Economia
Crisi energetica, il ritorno dell’economia pianificata? Intervista al professor Pagliaro
La questione dell’energia continua ad essere centrale in Italia e in Europa – e non potrebbe essere altrimenti, in quanto la crisi energetica ha un impatto diretto sul nostro lavoro e sulle nostre esistenze quotidiane.
Le nostre precedenti interviste sul tema a Mario Pagliaro, fra i ricercatori italiani più citati al mondo, sono state tra gli articoli più letti del sito, venendo citate poi anche in altri contesti.

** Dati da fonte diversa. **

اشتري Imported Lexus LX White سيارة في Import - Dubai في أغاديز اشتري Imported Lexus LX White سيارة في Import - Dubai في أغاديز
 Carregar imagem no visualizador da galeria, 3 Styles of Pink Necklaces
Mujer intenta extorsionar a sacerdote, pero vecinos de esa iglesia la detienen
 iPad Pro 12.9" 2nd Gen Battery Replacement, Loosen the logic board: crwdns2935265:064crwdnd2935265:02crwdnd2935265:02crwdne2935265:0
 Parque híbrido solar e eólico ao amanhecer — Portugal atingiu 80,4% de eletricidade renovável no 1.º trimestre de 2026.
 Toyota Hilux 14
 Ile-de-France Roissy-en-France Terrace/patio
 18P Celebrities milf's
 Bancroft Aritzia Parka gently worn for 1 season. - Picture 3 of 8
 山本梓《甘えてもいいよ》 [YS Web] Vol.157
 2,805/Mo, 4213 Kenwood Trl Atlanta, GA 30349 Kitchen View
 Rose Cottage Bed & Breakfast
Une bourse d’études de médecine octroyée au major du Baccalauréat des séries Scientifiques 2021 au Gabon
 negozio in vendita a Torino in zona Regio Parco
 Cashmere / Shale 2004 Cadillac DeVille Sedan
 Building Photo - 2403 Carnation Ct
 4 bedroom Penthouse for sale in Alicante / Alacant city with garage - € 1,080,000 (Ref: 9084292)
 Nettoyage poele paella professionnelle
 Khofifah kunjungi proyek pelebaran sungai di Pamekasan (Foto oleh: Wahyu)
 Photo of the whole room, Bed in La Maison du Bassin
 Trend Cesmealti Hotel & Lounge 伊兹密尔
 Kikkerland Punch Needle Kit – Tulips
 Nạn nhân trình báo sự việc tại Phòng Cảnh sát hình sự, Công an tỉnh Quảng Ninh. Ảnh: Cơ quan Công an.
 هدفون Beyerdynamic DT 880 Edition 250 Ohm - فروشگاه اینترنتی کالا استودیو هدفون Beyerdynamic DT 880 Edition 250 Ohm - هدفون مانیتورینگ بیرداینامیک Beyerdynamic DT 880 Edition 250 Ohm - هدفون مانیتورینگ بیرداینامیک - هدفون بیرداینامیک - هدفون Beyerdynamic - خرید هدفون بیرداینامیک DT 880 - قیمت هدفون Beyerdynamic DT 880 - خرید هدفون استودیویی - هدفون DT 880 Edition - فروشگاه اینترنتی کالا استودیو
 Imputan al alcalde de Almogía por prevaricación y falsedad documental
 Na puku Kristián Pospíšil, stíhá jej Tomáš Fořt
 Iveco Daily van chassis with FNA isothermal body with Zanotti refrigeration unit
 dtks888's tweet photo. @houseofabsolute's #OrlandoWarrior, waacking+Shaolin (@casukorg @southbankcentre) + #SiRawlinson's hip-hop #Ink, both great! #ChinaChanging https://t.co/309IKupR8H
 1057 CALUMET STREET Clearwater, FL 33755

Il professor Pagliaro già nell’estate del 2021 aveva annunciato proprio a Renovatio 21 come imminente la crisi energetica. Il ricercatore un mese fa ci aveva fornito i dati dell’industria italiana in caduta libera a causa dei costi dell’energia, aggiornando quanto già appariva chiaro dalle sconvolgenti statistiche di due mesi fa.
Siamo tornati a sentirlo per monitorare la situazione.
Un noto servizio informativo parla di riduzione dei consumi industriali di gas a Febbraio dell’11%. Un ex componente dell’Autorità di Regolazione per Energia Reti e Ambiente (ARERA) e Confindustria dice che invece sono diminuiti del 20%. Chi ha ragione?
I dati vengono resi pubblici quasi in tempo reale dal distributore nazionale. I consumi industriali a Febbraio per la seconda volta dopo gennaio quando si consumarono 904 mln di metri cubi sono scesi sotto 1 miliardo di metri cubi: dai 1153 mln di mc del Febbraio 2022 ai 924 mln di Febbraio 2023. Un calo appunto del 20 per cento.
Questo significa che le industrie continuano a tenere gli impianti al minimo o addirittura fermi?
Certo. L’industria utilizza il gas naturale per generare calore di processo e, nel caso delle centrali termoelettriche a turbogas, per generare elettricità. In alcuni casi, le medie aziende autoproducono dal gas tanto calore che energia elettrica attraverso i cogeneratori. Il prezzo ancora troppo alto del gas evidentemente ne consente un uso profittevole solo a quelle aziende che possono trasferire gli extra costi energetici ai clienti sotto forma di aumento dei prezzi.
Certo, perché ci sono anche i consumi elettrici. Come sono andati quelli delle aziende a febbraio?
Sono continuati a diminuire rispetto allo stesso mese del 2022, nonostante il prezzo dell’energia elettrica, il cosiddetto PUN, sia diminuito in modo sensibile. Ad esempio nell’ultima settimana di febbraio, ottava dell’anno, il PUN è diminuito del 30%, da 217 a 153 euro a MWh (megawattora). Eppure i consumi complessivi italiani, nonostante il freddo che fa aumentare i consumi, nella settimana hanno perso ben 226mila MWh sulla corrispondente settimana del 2022.
L’Italia dipende dall’estero pressoché integralmente per quanto riguarda le sue necessità di gas e petrolio. Qual è la situazione delle importazioni di gas dalla Russia, che era il nostro maggiore fornitore di gas appena un anno fa?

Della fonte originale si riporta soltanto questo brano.